The volatile situation has left experts unsure about which direction events are likely to take.

“I’ve been a student of Myanmar history and politics my entire adult life; I’ve lived and worked in the country for over a dozen years; I know all the key actors in the present drama; and I can honestly say I don’t know what the coming months will bring,” tweeted historian Thant Myint-U last week.

But Mr Andrews believes the international community still has options. When it comes to the military, he told CNN, “money talks the loudest”. 

He has called for a more coordinated and tougher sanctions regime to target not only individual generals but also their business interests.

A woman cries and makes the three-fingered salute of protesters during the burial of a killed  demonstrator in Mandalay

Credit: AP

Mark Farmaner, from the Burma Campaign UK, also argues for the targeting of Myanmar’s military-owned companies as a first step. 

He told The Telegraph that moves were afoot to bypass a veto by China and Russia at the UNSC to ask individual countries to sign up to a de facto arms embargo.

Revenues and royalties for oil and gas projects could also be held in escrow and not paid to the military, he suggested.  

Pressure from influential Asian nations will also be key to persuading the generals to back down from a bloody confrontation with its population.

The Burma Campaign on Wednesday published a list of 13 countries involved in military training or cooperation with the Myanmar military, including several regional neighbours such as Thailand, China and Vietnam.
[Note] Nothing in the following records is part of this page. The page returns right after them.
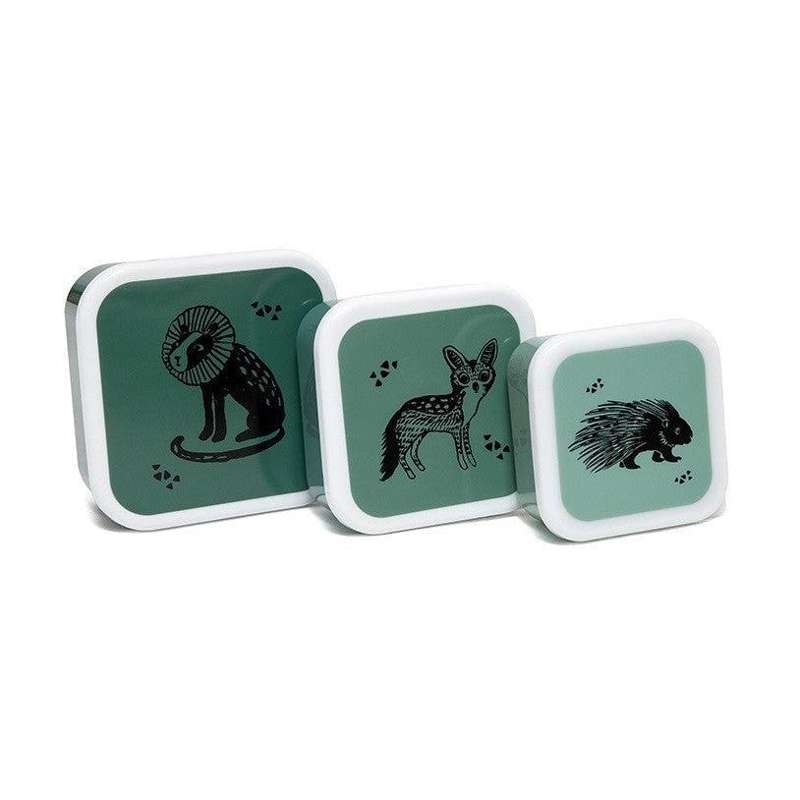 Petit Monkey Set with 3 Snack Boxes - Black Animals (Dusty Green)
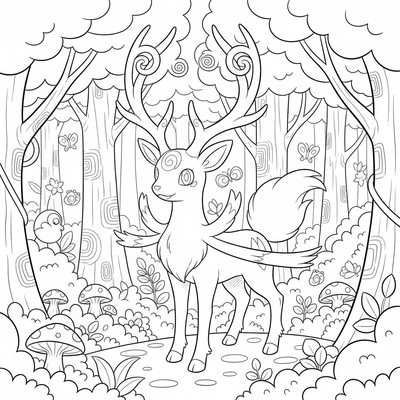 Xerneas i skog med glödande horn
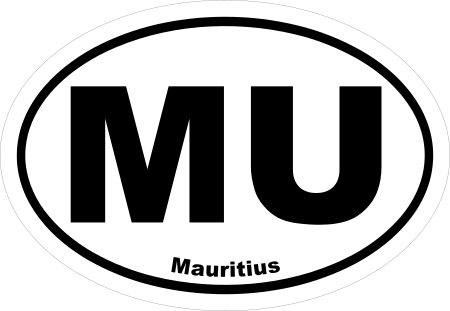 Mauritius MU Oval Euro Decal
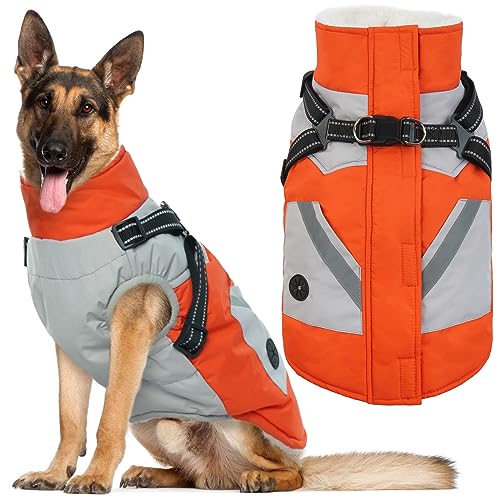 IECOii Reflektierend Verstellbar Kaltes Wetter Hundekleidung für Kleine Mittelgroße Grosse Hunde,Warme Fleece Rollkragen Hundejacke,Wasserdicht Winterjacken Wintermäntel für Hunde von IECOii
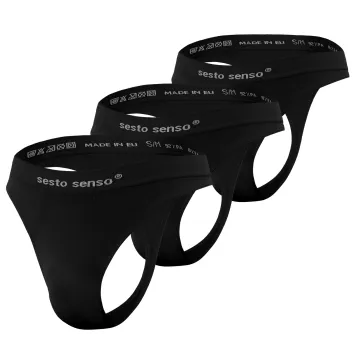 3-PAK Stringi męskie bezszwowe CL13 idealnie dopasowane Czarne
It urged them to immediately halt the joint programmes in order to deny the junta legitimacy.

But several of Myanmar’s neighbours, including India and Japan, are unwilling to lose leverage in a country where they have key business or security interests and could be overtaken in a geopolitical competition with China. 

Others, particularly in Southeast Asia, are reluctant to stray from a long-held policy of regional non-intervention.

Angel takes cover shortly before she is shot in the head

Credit: Reuters

But while world leaders consider their strategic and business interests, it is Myanmar’s gutsy youth who are writing their blood type and emergency contacts on their forearms as they face the army’s bullets.

One of them, 19-year-old Angel (pictured above), was heard on a video shouting “We won’t run” before police assaulted a peaceful pro-democracy protest in Mandalay. 

Moments later she was killed by a shot to the head.